I wasn't really planning on an update for this edition of ePAG but then I looked back through my photos and it seems I've achieved more than I first thought.

I explained that the last update was a short one as my wife was expecting our first child on the 1st September. I did however have a plan; both myself and Mrs H would finish work at the end of July, giving us 6 weeks to finish the house, do some work on the car and maybe even get a short break away before the baby arrived. This didn't quite happen as planned as I will try and explain below.

I think I left off with my gearbox hanging half-fixed in the car. I'd made some spacers and was happy with the position, except the hole I'd cut in the front bulkhead for the mount bolts wasn't very nice and would need a cover making.
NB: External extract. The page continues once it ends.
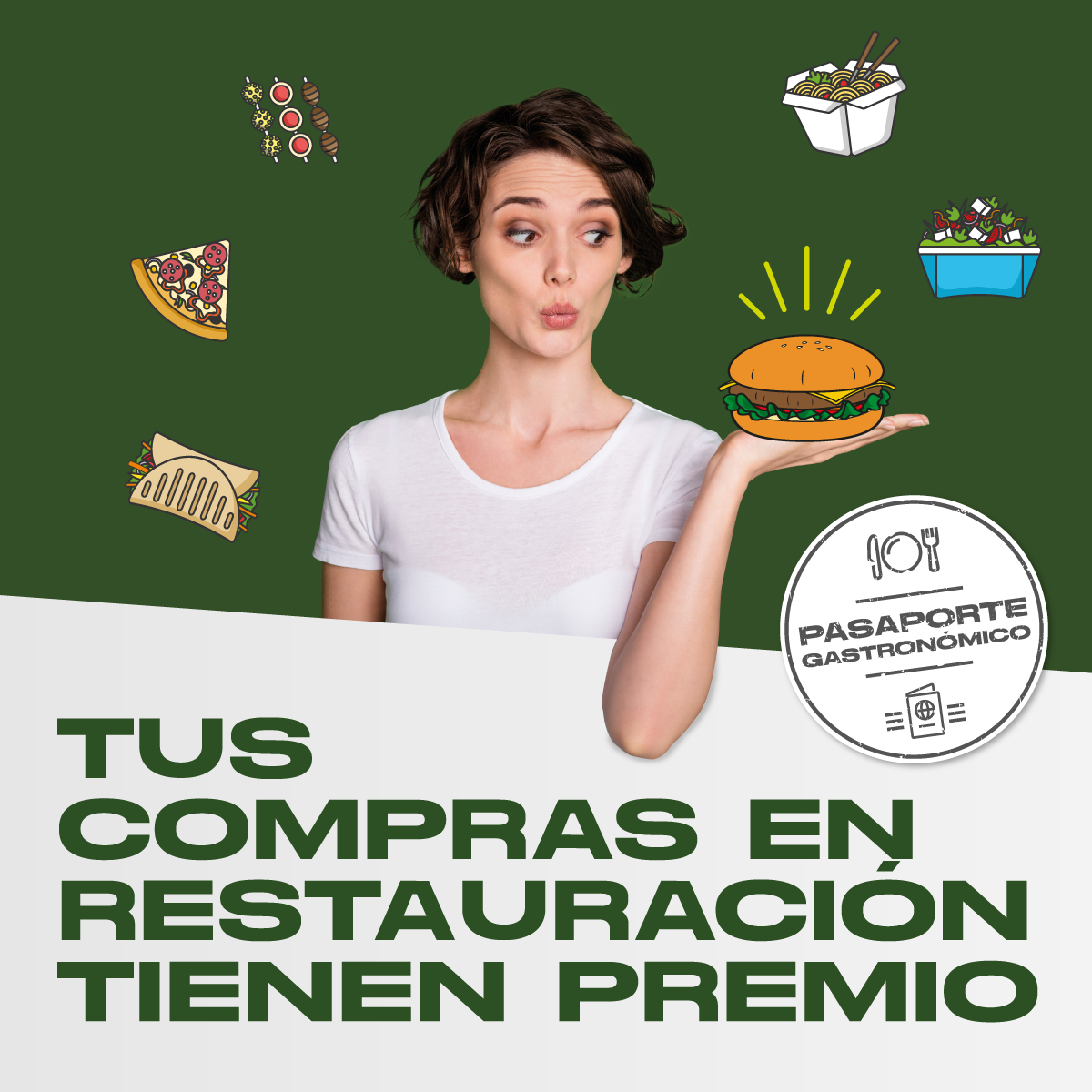 chica disfrutando de varios tipos de comida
The main job required was to make a front mount plate. I had seen Robin's build an again decided to copy his idea – why change a good thing?! I was at my parents telling my dad about the mounting when he offered to make me one up from a bit of aluminium which he would do on the milling machine. The aim being that the mount would be one solid 'slab' rather than a plate with two wings attached. Dad is retired and lives in the garage so it seemed like an easy choice. Within a couple of days it had been made and fitted. The mounts (with the oversize bolts – there's a reason for that) were drilled and tapped to M12 so the mounting bolts screw straight in from the side.

gearbox mount
gearbox mount
gearbox mount

What I hadn't really contemplated was the starter motor. The plate is about 12mm too thick in one area to accept the starter, so as I write this I'm taking the whole mounting back out and getting a pocket for the starter milled out. Fingers crossed for a good result, but if not then I'm going back to Robin's idea!

Callipers

With the gearbox on it meant I could finally get to grips the brakes. I'd rebuilt the callipers with a kit from ECAS earlier (be careful when using the compressor the push the pistons out!!!). The handbrake mechanism was, so far, the only part salvaged from my donor and cleaned up okay and was duly mounted with new cables, along with new pads and disks on the calliper. I'd panned to make up my own brake lines as I already had a new 'curly' rear line and felt it would be a more cost effective solution after spending plenty on the disks/pads etc. This was until I started looking at the cost of the flaring tool and I ended up just biting the bullet and buying the LWB kit from Bonaparte. I've since found that Alan Parkinson near me has the tool, but it's done now and the kit was easy to use. My only complaint would be that it said on the website that it came with clips to attach but I didn't get any with my kit – for the sake of £2 from eBay I bought some rubber lined 'p' clips and got on with it myself. The brakes bled up nicely and we now have a pedal!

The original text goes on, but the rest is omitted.